Fernandez issued a presidential decree removing Martin Redrado from office, citing misconduct and dereliction of duties. He was replaced by Central Bank Vice President Miguel Pesce, a government ally, who will serve as interim president.
The conflict has highlighted uncertainty in Argentina as Latin America's number 3 economy tries to win back investor confidence and return to global markets with a bond issue eight years after a massive debt default.
It also threatens to open a protracted legal battle led by an emboldened opposition that has backed Redrado and is looking to challenge Fernandez after she lost control of Congress in mid-term elections last year.
Redrado will step down to respect the decree and plans to present a court injunction against his firing, a central bank official told reporters.
The former central bank head did not comment publicly about his ouster as constitutional experts questioned the legality of Fernandez's decision.
His firing came after Argentine stock, bond and currency markets closed, but the spread on Argentine bonds over comparable US Treasuries widened 25 basis to a nearly three-week high of 681, according to the J.P. Morgan Emerging Market Bond Index.
The deadlock between the government and Redrado has heightened political tensions and cast a shadow over the government's attempts to reshape its image among investors.
The Argentine leader on Wednesday asked Redrado to resign after he failed to act on her order to use $6.6bn in foreign currency reserves to meet debt payments next year.
Economy Minister Amado Boudou, in comments to Radio 10, said the government would hold talks with Mario Blejer, who headed the central bank in 2002 and is a former International Monetary Fund official, about taking over permanently as the bank's chief.
Debt repayment fund
Under the central bank's charter, the executive branch can dismiss a member of the bank's board but must have a recommendation from a special congressional committee.
The presidential decree, however, stated that Congress is in recess and its recommendation is nonbinding.
Some Argentine legal analysts said the dispute may be headed for more legal wrangling.
Constitutional lawyer Gregorio Badeni questioned the legality of Redrado's dismissal. “It is indispensable to have the opinion (of a congressional commission), although opinion wouldn't be binding,” he told local television.
Redrado angered Fernandez when he refused for three weeks to move on her presidential decree creating a debt repayment fund called the Bicentennial Fund aimed at guaranteeing the country's 2010 debt payments.
Argentina's debt obligations rise steeply this year to $13bn, and economists estimate a funding gap of $2bn to $7bn.
The fund's announcement last month helped add to a recent rally in Argentine bonds and drive down the costs of issuing new debt.
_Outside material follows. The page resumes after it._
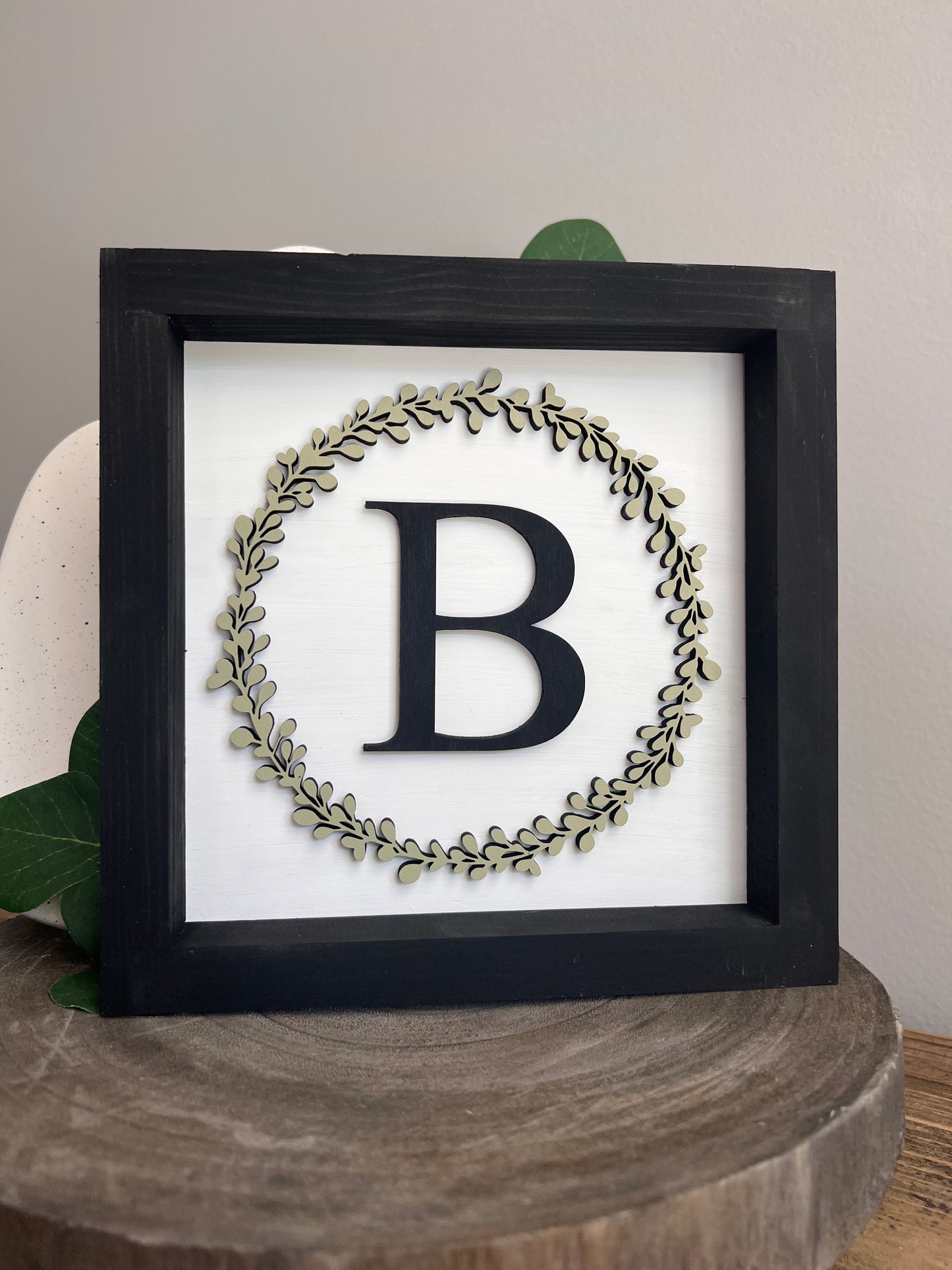 Small Initial Sign
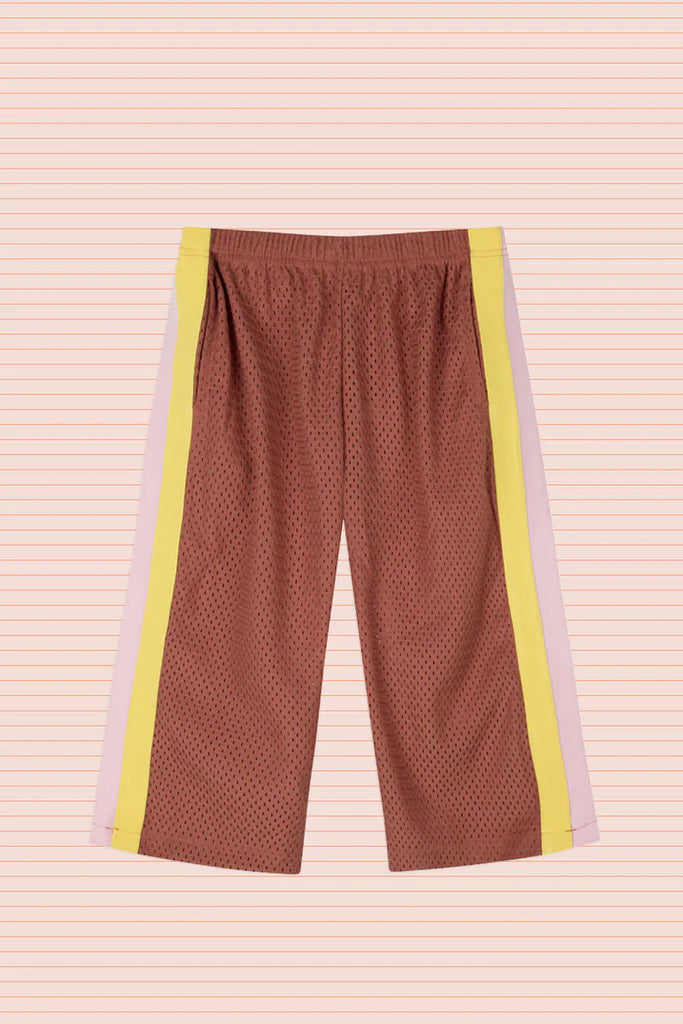 Flat lay of Sports Pant in Earth, displayed against a peach-striped background. The pants are made from rust-coloured perforated sports mesh with contrasting side stripes in soft pink and bright yellow, and feature an elastic waistband for easy fit.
Fernandez is hoping to tap global credit markets paying a single-digit interest rate.
But opposition leaders criticized the plan and some filed lawsuits seeking to block the use of reserves to pay off debt, saying it threatens the central bank's autonomy and could lead to a sharp increase in government spending.
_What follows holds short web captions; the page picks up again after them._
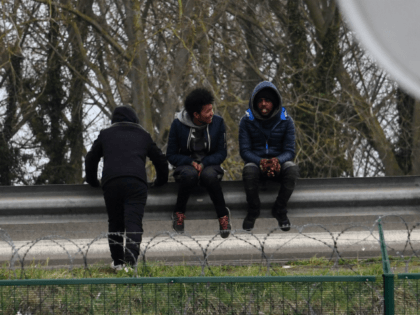 Migrants sit on a crash barrier by the ringroad leading to the harbour on March 30, 2018 i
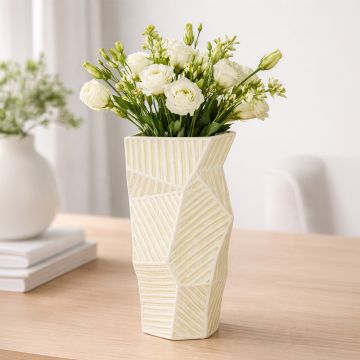 Yellow ceramic geometric vase with fresh flowers styled on wooden table enhancing contemporary home decor setting.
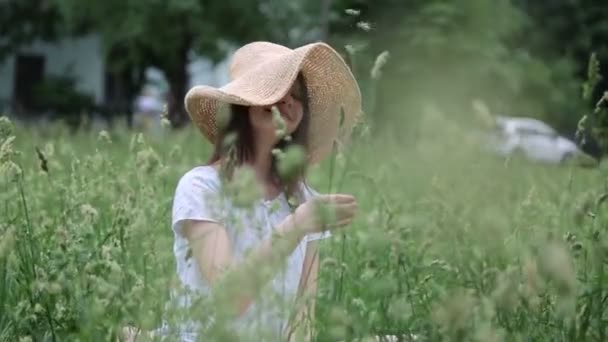 Hermosa Chica Caucásica Sombrero Paja Hierba Verde Verano Enfoque Seleccionado — Vídeo de stock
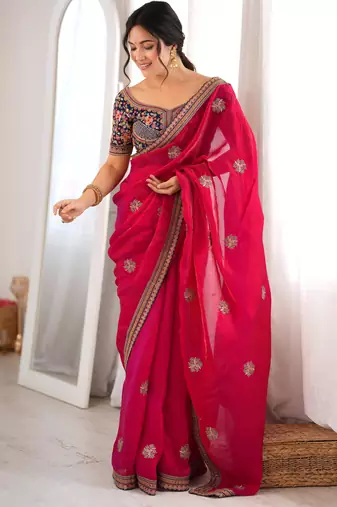 Rani tissue satin embroidered saree with unstitched blouse piece.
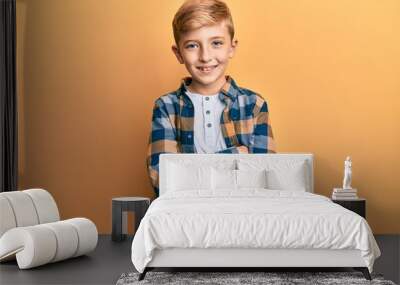 Little caucasian boy kid wearing casual clothes happy face smiling with crossed arms looking at the camera. positive person. Wall mural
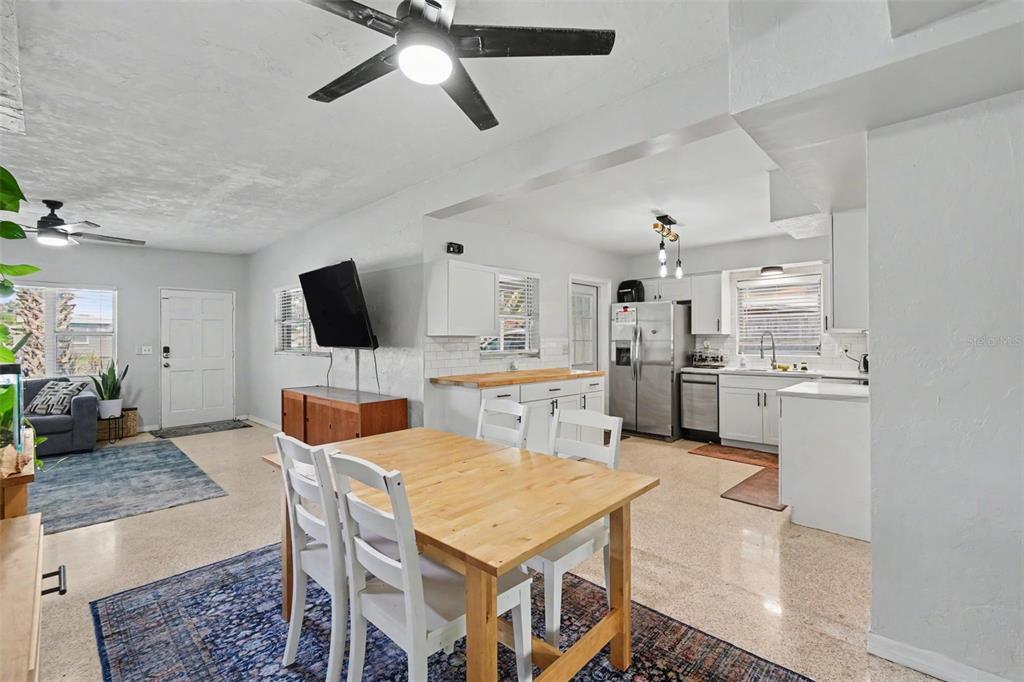 An open-concept living and dining area features a kitchen with white cabinets and stainless appliances — 2270 NOLAN DRIVE, LARGO, FL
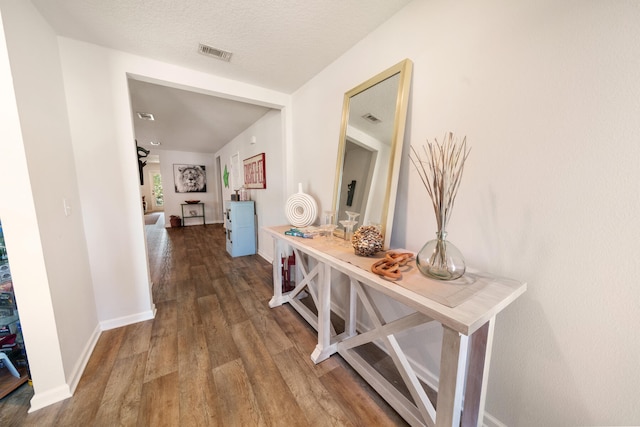 hallway with hardwood / wood-style floors and a textured ceiling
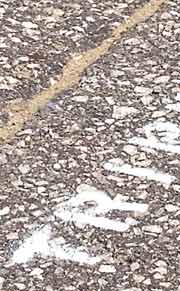 Close-up of white letters on asphalt
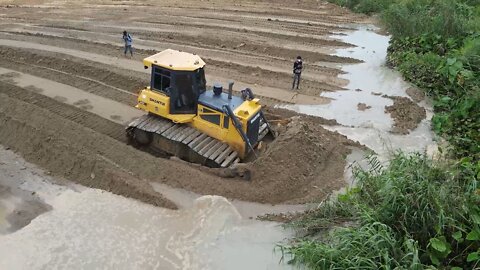 We fill up the lake with a powerful bulldozer.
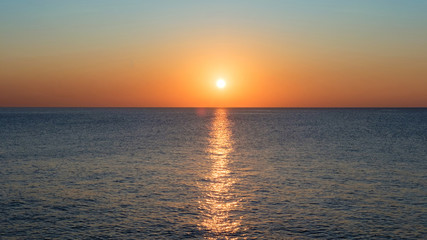 View of the calm sea and sunset sky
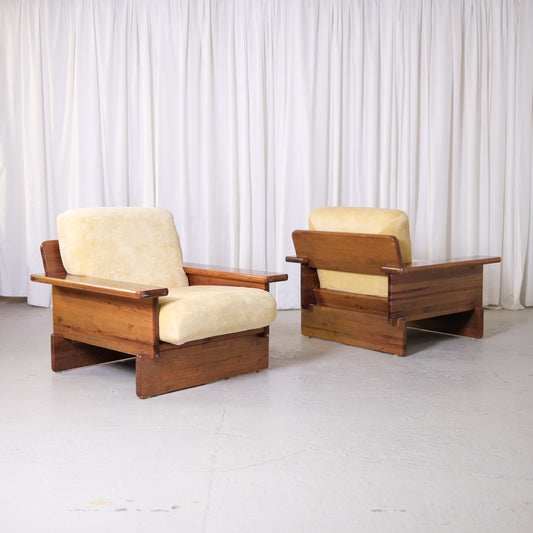Pair of vintage Scandinavian pine armchairs with butter velvet upholstery, low wooden frames, and wide armrests.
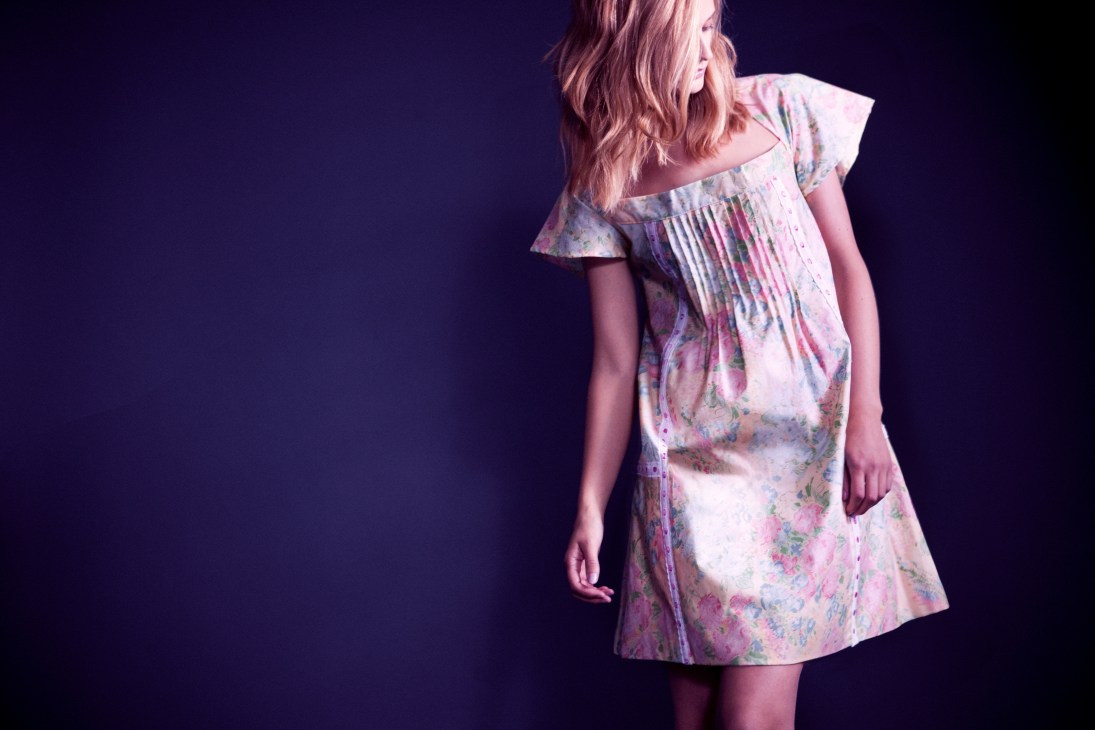 Woman wearing a floral-print cotton dress with ruffled off-shoulder sleeves by Amilod Zareg.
Redrado questioned Fernandez's decision, worried the fund could be targeted by international creditors who have filed lawsuits stemming from the country's default.
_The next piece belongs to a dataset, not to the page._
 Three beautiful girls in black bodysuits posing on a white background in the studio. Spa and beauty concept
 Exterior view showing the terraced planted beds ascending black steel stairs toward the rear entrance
Boudou has pledged to continue with a $20bn debt swap, planned for later this month, that aims to mop up leftover defaulted bonds and clear the way for Argentina to issue a major bond.
A crisis over foreign reserves – which total about $48bn – could raise Argentina's borrowing costs just as it tries to return to markets. Signs the debt fund will move forward could give a boost to bond prices.
Pesce, the new central bank president, belongs to a wing of the opposition Radical party allied with Fernandez and her husband and predecessor former President Nestor Kirchner.
“He's a 100 percent loyal aide to the Kirchners,” Claudio Loser, an Argentine economist and ex-IMF official told local television.
In comments to the state-run Telam agency, Pesce signaled he would move ahead with the debt repayment fund.
“The only thing left to do is to implement (the decree)”, he said.